INHOUD DIVERSE AUTEURS
CUBRA HOME
Heemkundig werk op CuBra
Heemkunde Tilburg Pierre van Beek
Heemkunde Tilburg Lambert de Wijs
Heemkunde Tilburg A.J.A.C. van Delft

Deze rubriek wordt geredigeerd door Ben van de Pol

Copyright 2013 van deze digitale presentatie en ontsluiting: Stichting Cultureel Brabant - CuBra & Ben van de Pol

 

Diverse auteurs - Verspreide publicaties

 

Nieuwe Tilburgsche Courant - donderdag 18 april 1940

 

 

Brabantsche heiligen en Brabantsche schurken

 

Voordracht door dr. H. Moller

 

Jubileumcursus der "Kleine Academie"

 

 

In het kader van den Jubileumcursus over Brabant van de Kleine Academie sprak gisterenavond dr. H. Moller in de Tuinzaal van de Nieuwe Kon. Harmonie voor een vrij groot aantal belangstellenden over "Brabantsche Heiligen en Brabantsche schurken". De voorzitter de heer Horvers verwelkomde de aanwezigen en deelde mede, dat het bestuur zich tot zijn groote spijt genoodzaakt heeft gezien de aangekondigde voordrachten van de heeren dr. F. van der Ven en Luc van Hoek te doen vervallen daar beiden geen vrij van militairen dienst kunnen krijgen. Hierna werd direct het woord verleend aan dr. Moller, die begon met onder de aandacht te brengen, dat wanneer hier over Brabant gesproken wordt daaronder steeds moet worden verstaan het oude Brabant, dat ons huidige Noord-Brabant en de thans Belgische provincies Zuid-Brabant en Antwerpen omvatte.
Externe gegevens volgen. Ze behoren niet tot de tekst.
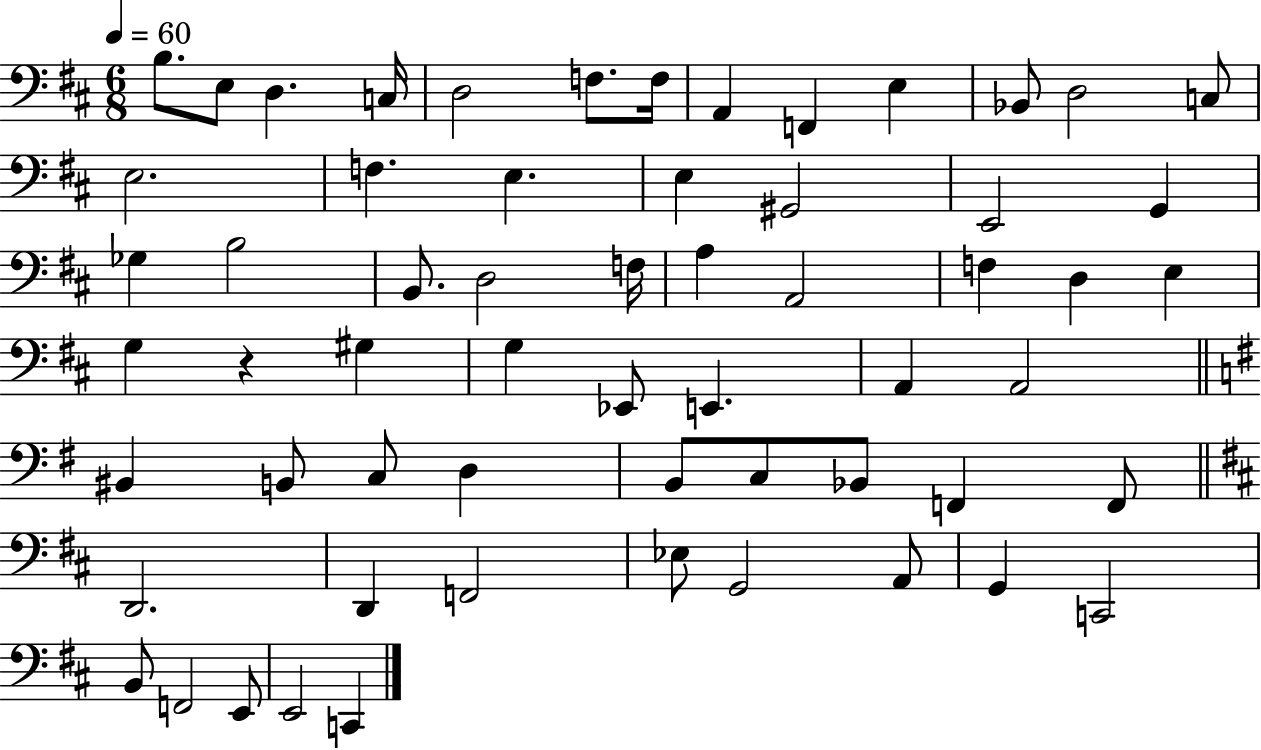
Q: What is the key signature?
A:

Hierna stond spreker allereerst stil bij de brengers van het Christendom, waarbij er op werd gewezen, dat het zuidelijk deel van Brabant veel vroeger gekerstend was dan het noordelijke en wel lang vóór de komst van St. Willibrord, dank zij den arbeid der Franken. Vóór St. Willibrord vinden we in Brabant als verbreiders van het Christendom in ruimen zin den zaligen Pepijn van Landen met zijn vrouw de H. Itta en hun beide dochters St. Geertrui en St. Begga. Pepijn was een hertog van de Merovingische koningen in Brabant, wiens vrouw het klooster van Nijvel stichtte waarvan zij abdis werd, en in welke functie haar dochter Geertrui haar heeft opgevolgd. St. Geertrui is in heel Nederland bekend geworden en op vele plaatsen vereerd. Geertruidenberg, waar zij blijkens een stichtingsbrief van de abdij van Thorn zou geweest zijn, is naar haar genoemd en ook Bergen op Zoom, waar haar lichaam tot 1804 begraven was, heeft een herinnering aan haar. Zij werd aangeroepen om verlost te worden van de muizen. Tal van legenden zijn om haar leven geweven. St. Begga, wier feest in het bisdom Breda luisterrijk wordt gevierd - wat in het bisdom Den Bosch weer niet het geval is - wordt genoemd als de stichteres der begijnen. Mocht dit niet juist zijn, dan zijn deze vrouwen in ieder geval toch naar haar genoemd.

Komende aan den tijd van St. Willibrord noemt spreker diens gezel den H. Suitbert en vervolgens de H. Oda, de blinde dochter van een Schotsch Christenkoning, die haar land moest ontvluchten en op wonderbare wijze bij het graf van St. Lambertus ziende werd en ten slotte na veel omzwervingen in het huidige St. Oedenrode aankwam, waar ze op 36-jarigen leeftijd overleed. Tot 1731 werden er groote bedevaarten naar haar graf gehouden totdat dit door de Staten-Generaal verboden werd. Door deze onderdrukking is de bedevaart uitgestorven en tot heden nog niet hersteld. Men heeft hier een bewijs hoe door de onderdrukking een groot feit van ons geloof vernield werd en hoe men nog altijd niet bezig is de aangerichte schade geheel te herstellen.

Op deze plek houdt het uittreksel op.